Exercise data:
Content starts

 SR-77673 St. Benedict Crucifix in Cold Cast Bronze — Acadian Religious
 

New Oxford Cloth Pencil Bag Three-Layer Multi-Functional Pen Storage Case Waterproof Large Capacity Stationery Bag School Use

Content ends
Content starts

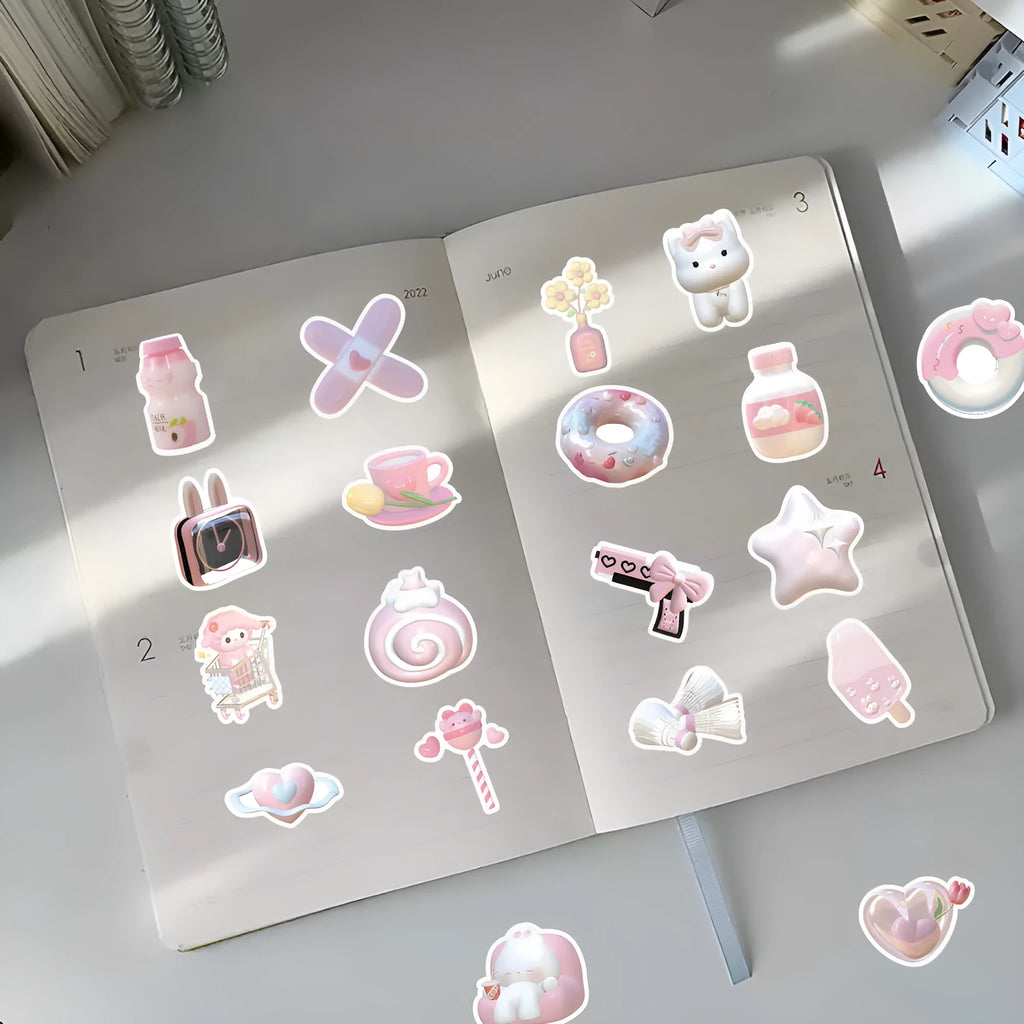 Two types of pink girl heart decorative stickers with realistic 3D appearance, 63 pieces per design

Content ends

Task to carry out: Scan the records above for the lines holding "SR-77673 St. Benedict" and "New Oxford Cloth". Transcribe those two and every line between them word for word, and no others.

The completed task:
 SR-77673 St. Benedict Crucifix in Cold Cast Bronze — Acadian Religious
 

New Oxford Cloth Pencil Bag Three-Layer Multi-Functional Pen Storage Case Waterproof Large Capacity Stationery Bag School Use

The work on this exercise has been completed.